Riparte la stagione NFL anche per i Miami Dolphins. C’è ottimismo nell’ambiente ma quanto è ben riposto? Approfondiamo nell’articolo.


Finalmente la NFL è ricominciata. Il tempo degli articoli e delle chiacchiere sta volgendo al termine. D’ora in avanti si parlerà – o scriverà, nel nostro caso – con cognizione di causa. I risultati saranno infatti pronti e disponibili per essere analizzati, confrontati e sviscerati, così come le statistiche, la vera chiave di lettura di questo sport.

Prima di farlo, però, c’è ancora tempo per un articolo speculativo. Tutte le franchigie possono ancora sperare di fare una stagione memorabile, perfetta addirittura – Los Angeles Rams a parte, dal momento che sono stati sconfitti 31 a 10 da degli ottimi Buffalo Bills, durante il kickoff game.

Eccoci dunque a tentare di tratteggiare la stagione che verrà per i Miami Dolphins, un ambiente intorno al quale vi sono enormi aspettative ma attenzione a non lasciarci trasportare troppo.

Una offense di Serie A

I puristi della palla ovale – gruppo nel quale si colloca anche chi scrive, by the way – perdoneranno la metafora calcistica usata nel titolo del paragrafo; si tratta soltanto di una scelta di registro che possa essere chiara e immediata a chiunque. È necessario partire da qui, dalle considerazioni sull’attacco parlando di Miami. Rispetto alla scorsa stagione, infatti, il reparto è enormemente migliorato, tanto che possiamo definirlo di un altro livello senza timore di essere smentiti. Basta leggere la lista dei 53 a roster e confrontarla con il team 2021 per rendersene conto.

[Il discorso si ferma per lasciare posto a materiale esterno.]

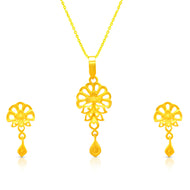 Blooming Charm 22K Gold Pendant Set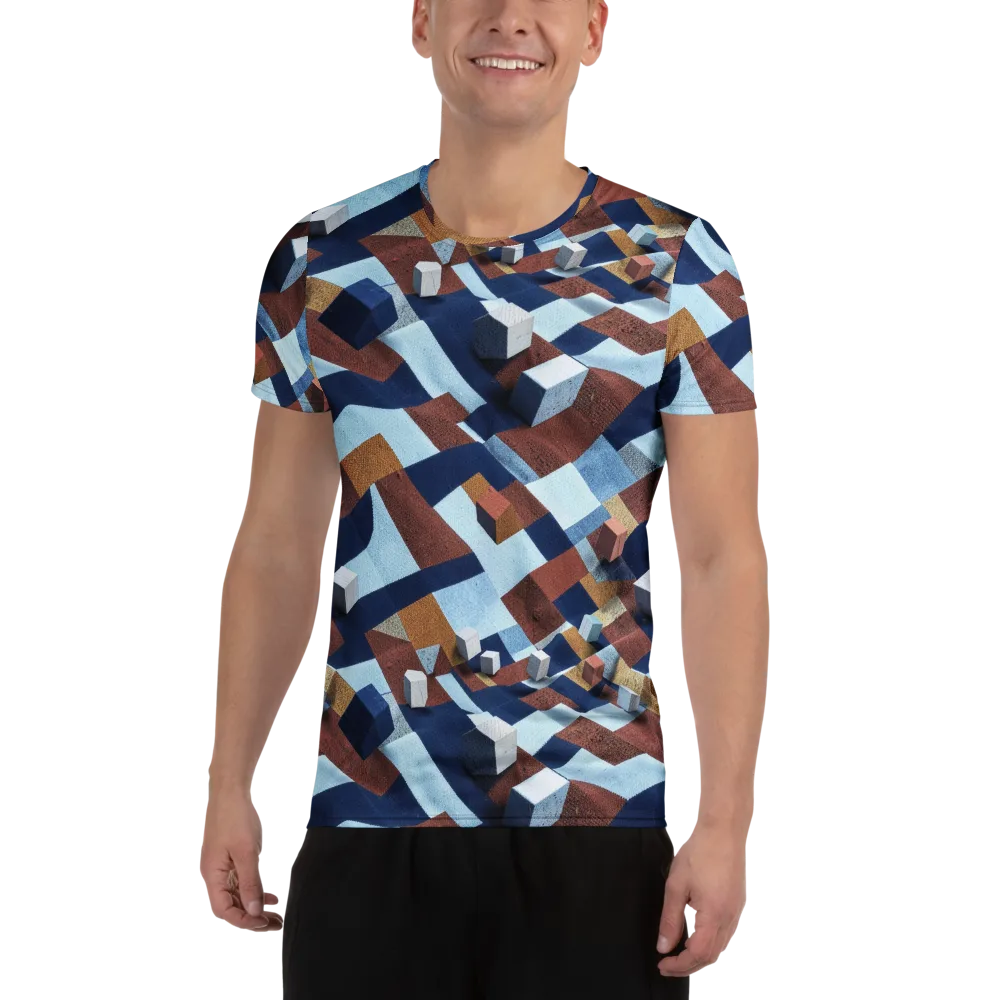 Cobalt Cubism on Men's Athletic T-Shirt — Front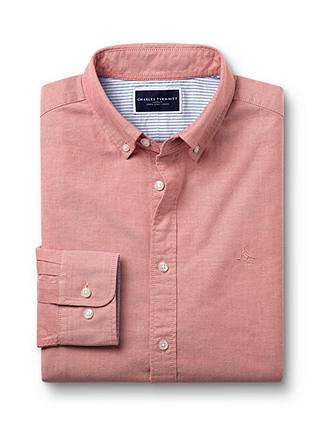 Charles Tyrwhitt Slim Fit Washed Oxford Shirt, Coral Pink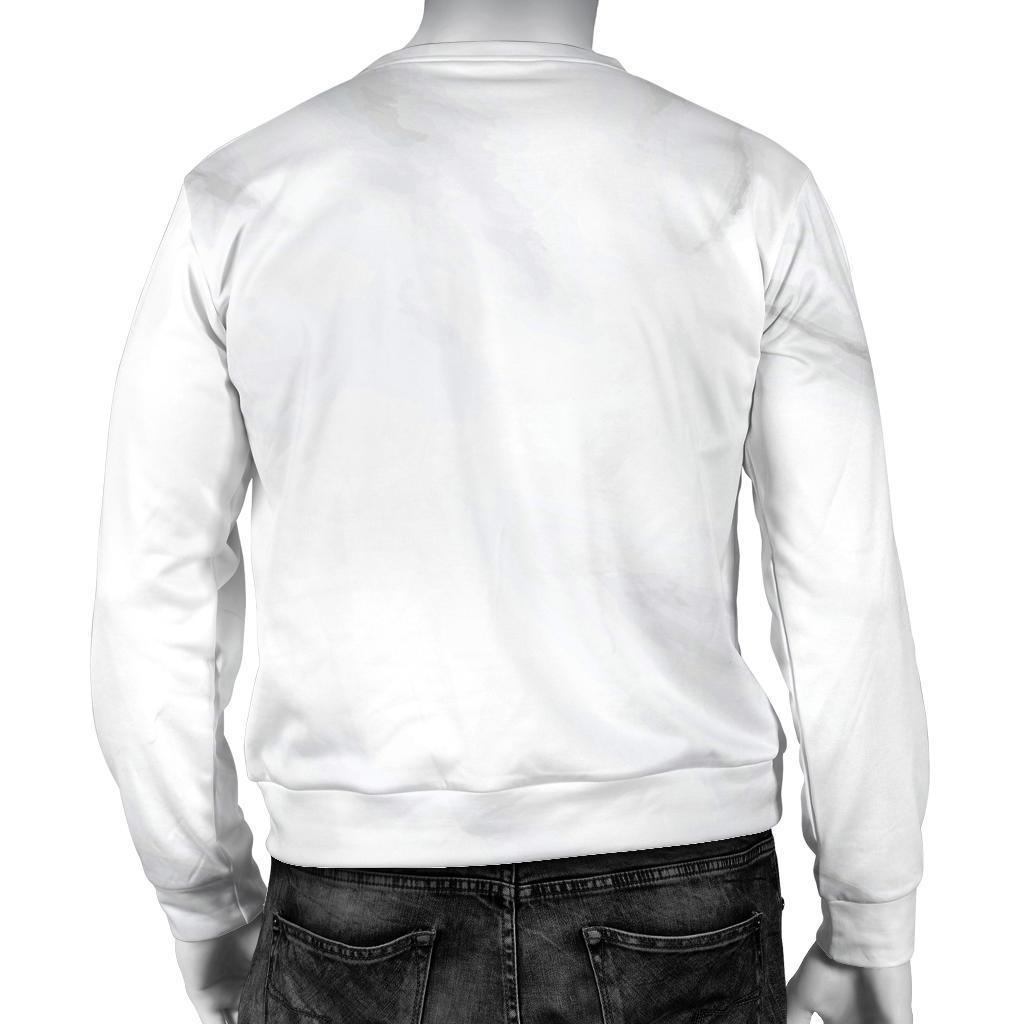 White Marble Print Men's Crewneck Sweatshirt GearFrost
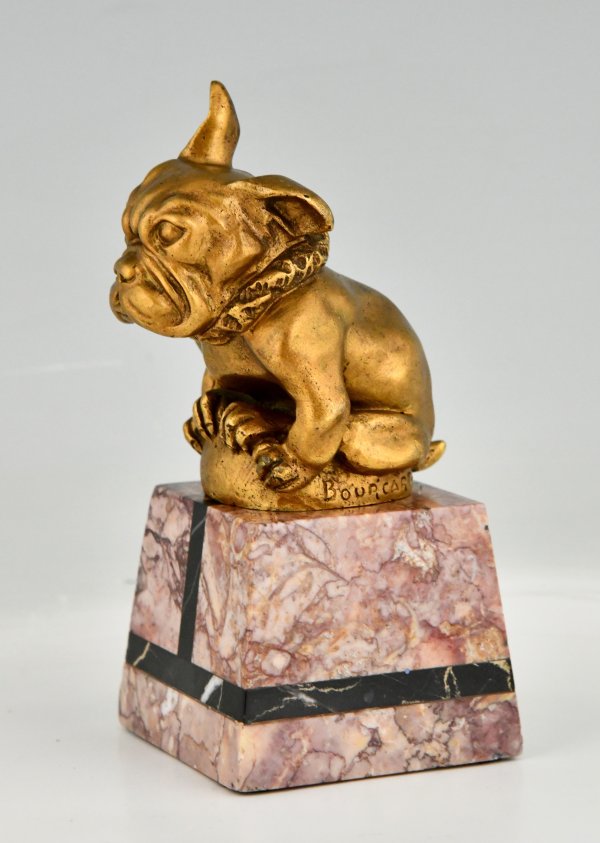 Art Déco Auto Maskottchen aus Bronze französische Bulldogge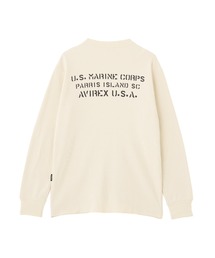 《WEB&DEPOT限定》STENCIL HONEYCOMB WAFFLE L/S T-SHIRT / ステンシル ハニカムワッフル 長袖Tシャツ / AVIREX / アヴィレックス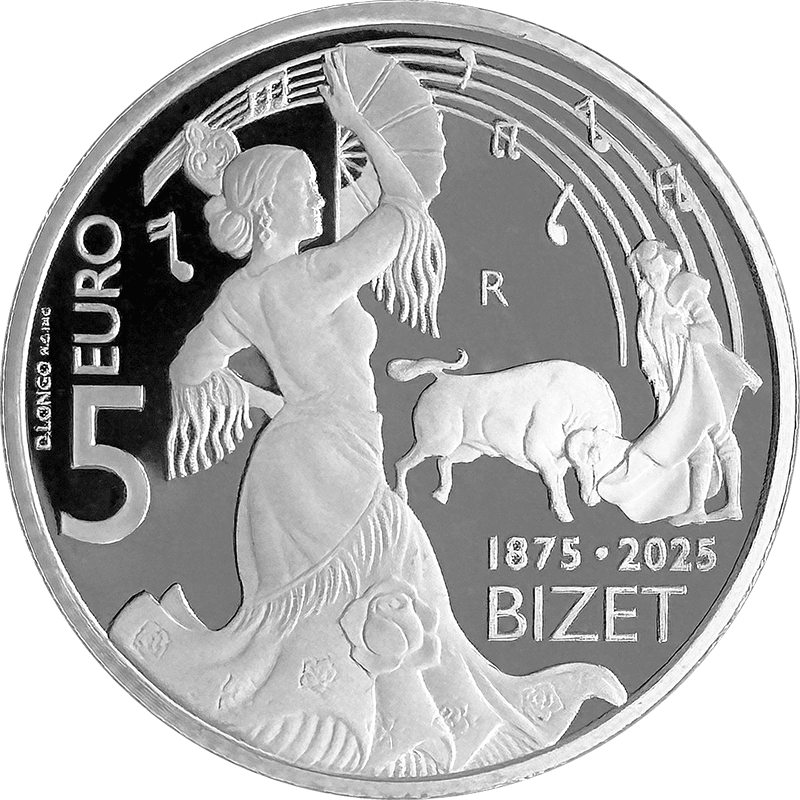 サンマリノ 2025年 ジョルジュ・ビゼー没後150周年 カルメン 5ユーロ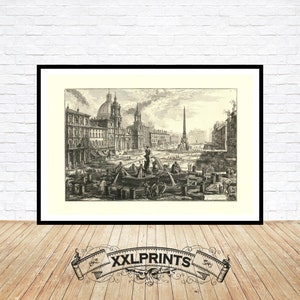 Giovanni Battista Piranesi, Piazza Navona, Roma, 1773, riproduzione pregiata, stampa d'arte, stampa oversize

La scorsa stagione avevamo buoni ricevitori come DeVante Parker, Preston Williams e Albert Wilson. Quest’anno nessuno dei 3 è più in squadra. È rimasto Jaylen Waddle, detentore del record per il maggior numero di ricezioni durante la prima stagione tra i professionisti; è arrivato da Dallas Cedrick Wilson, affidabile paio di guantoni; è in squadra anche l’atteso Erik Ezukanma, matricola che ha impressionato durante il training camp e, soprattutto, c’è un nuovo sceriffo in cima alla depth chart, ed è il quindicesimo miglior giocatore della lega: il ghepardo Tyreek Hill. Il tandem composto da lui e Waddle è il più veloce in NFL.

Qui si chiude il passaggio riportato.